We’ve missed the wisdom of forcing compassion out of rich people through taxation and government programs. You see, there’s nothing more loving than filing a tax return and watching someone else squander your money to supposedly assist someone you never met through a program you had no hand in creating or vetting.

Too Self-Centered To Let Others Do Our Work For Us

Now we can see clearly what Christian failure looks like.

No, we’re too self-focused to see how good that is. The Interfaith Hospitality Network in my Ohio home town — a network of churches cooperating to feed and house the homeless — is too self-centered to ask the government to do the work for them. The Food and Clothing closet here, where volunteers meet with the poor, get to know them personally and help supply their needs through loving interaction, isn’t Christian enough to obey Jesus’ commands to help the poor the right way. Instead of stepping aside to let the government take care of it, we’d rather do it ourselves. How self-centered!

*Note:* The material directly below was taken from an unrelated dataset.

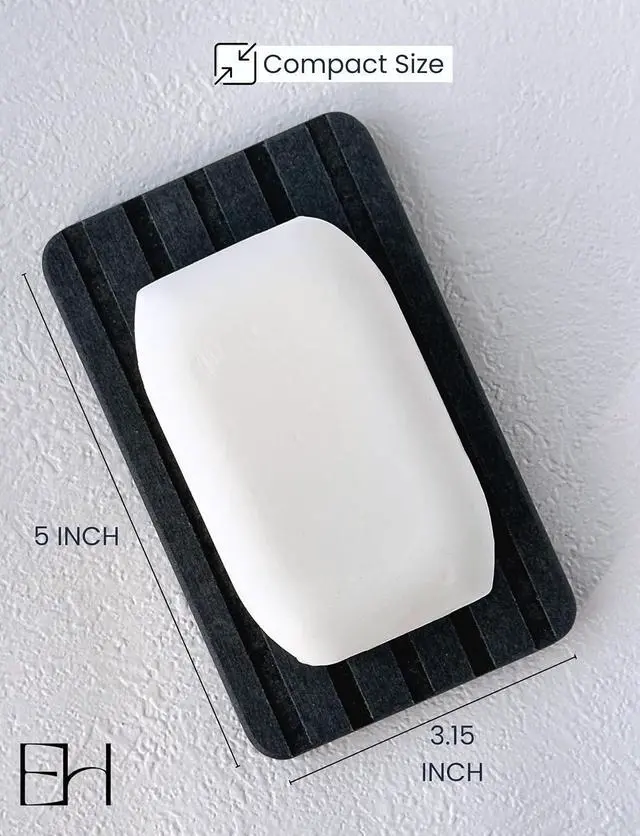 Alt view image 3 of 7 - Diatomite Stone Soap Dish, Water Absorbing Drying Tray Soap Holder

The thousands of Methodist Hospitals and Presbyterian Hospitals and Good Samaritan Hospitals and Mercy Hospitals and all the other denominationally-named hospitals — not to mention the widespread Seventh-Day Adventist medical network — are proof that American Christians have turned a blind eye to the sick. Not only that, but since many of us refuse to recognize the unqualified medical and economic success of Obamacare, we’re actually guilty of diminishing aid for the sick.

Christianity has reinforced misogyny by opposing a woman’s right to kill her daughter in her womb, and by elevating marriage (as no other social system ever has) to a status where men are actually expected to remain faithfully married to women. Horrible!

We’ve stoked hatred by not wringing our hands and agreeing with tears in our eyes, “I’m so sorry, you’re so right,” when people who disagree with our moral beliefs explain that it’s hateful to disagree with others’ moral beliefs.

We’ve fueled xenophobia by going to others’ homes in other countries — as my current church does multiple times ever year — to embrace, love, learn from and serve with believers there. Our massive missionary and global humanitarian effort (this, for example) is further proof that we only care about ourselves.

And the churches in the small Michigan town where I grew up (Auburn, population 2,135) have shown how desperate we’ve been to keep refugees at bay, by only welcoming enough people to lift Auburn to 99 on the list of top 100 cities for the number of residents born in Laos. It’s only an example, but it sure does demonstrate how unwelcoming we are.

Stubbornly Unwilling To See There’s Only Way Thing Jesus Came For

But probably our biggest failure of all has been our dogged determination to see Jesus as something more than a mere single-issue crusader for leftist social policies. We’ve failed to think in the same starkly simple black-and-white terms that the morally and intellectually advanced Evangelical Left has so stunningly achieved.

What a mess. 

Now we can see clearly what Christian failure looks like.

Though it shouldn’t need saying, I will point it out anyway: this is entirely satire. All but the last sentence — if you read it right.